Published on September 17th, 2017 | by Sean Warhurst0
Resident Evil Revelations PS4 Review
Summary: Well worth a look for those who may have skipped its initial release after becoming disenfranchised with the direction the series was taking.
Despite being ported to pretty much every console known to man since its initial release on the 3DS, I never had the chance to play through Resident Evil: Revelations; in fact, when it first released in 2012, my interest in the series had hit an all-time low and the descent into bombastic action sequences and even more nonsensical plot threads would ensure that my time with the franchise was all but over.
Then Resident Evil VII dropped and recaptured all of those elements that originally made the series such a massive success – True survival horror, inventory management and a protagonist who was an average Joe rather than the superhuman caricatures series stalwarts had slowly transformed into.

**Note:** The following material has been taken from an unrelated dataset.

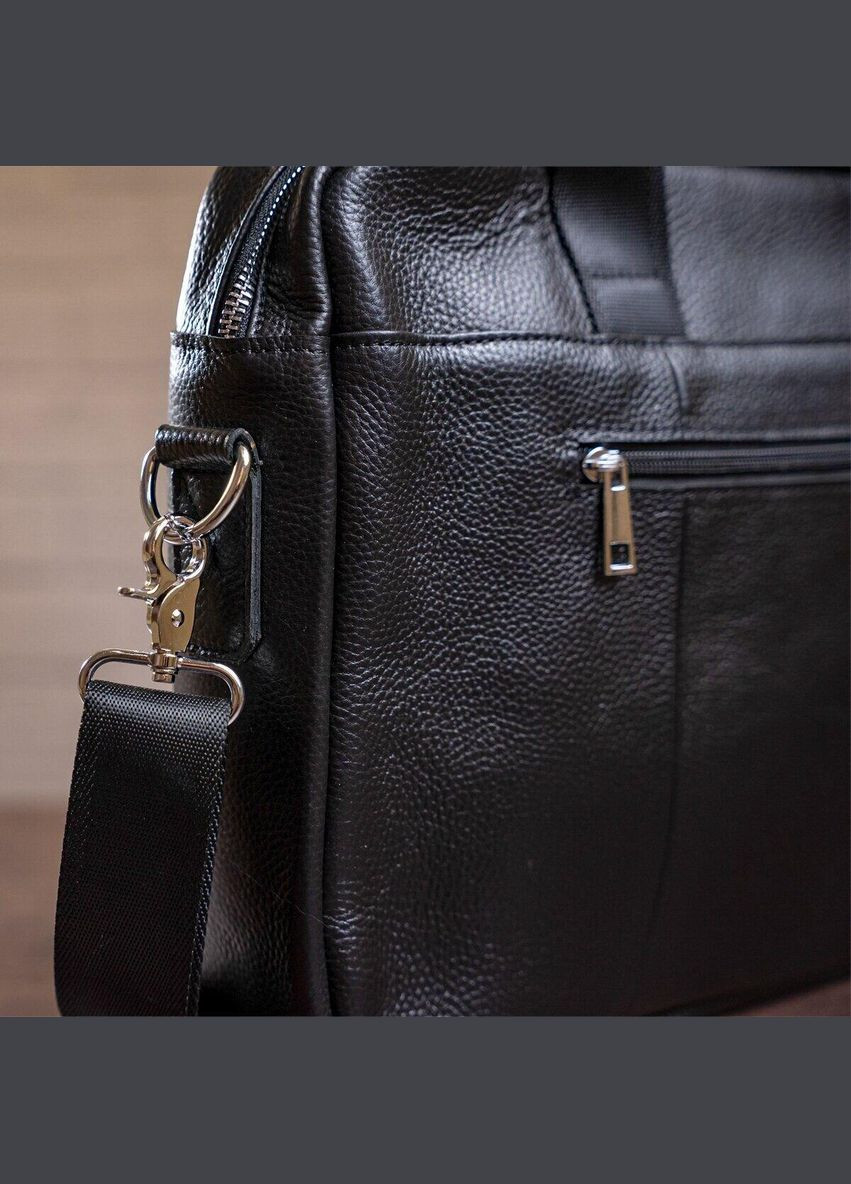 Шкіряний портфель чоловічий для ноутбука і документів чорний розмір 40х30х7 см 14625 Vintage (362417855)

Riding high on the wave of the Resident Evil renaissance , I played through the Resident Evil remake and Resident Evil: Revelations 2, two games I’d neglected due to my waning interest in the series. My only lament was that certain games I had missed over the years, such as the first Revelations and long forgotten titles like Outbreak, weren’t available on any consoles I currently own.
Thankfully, Capcom has been capitalising upon renewed interest in the series and have been periodically releasing remastered versions of classic Resident Evil titles and, finally, it’s Revelations’ turn to once again step into the spotlight.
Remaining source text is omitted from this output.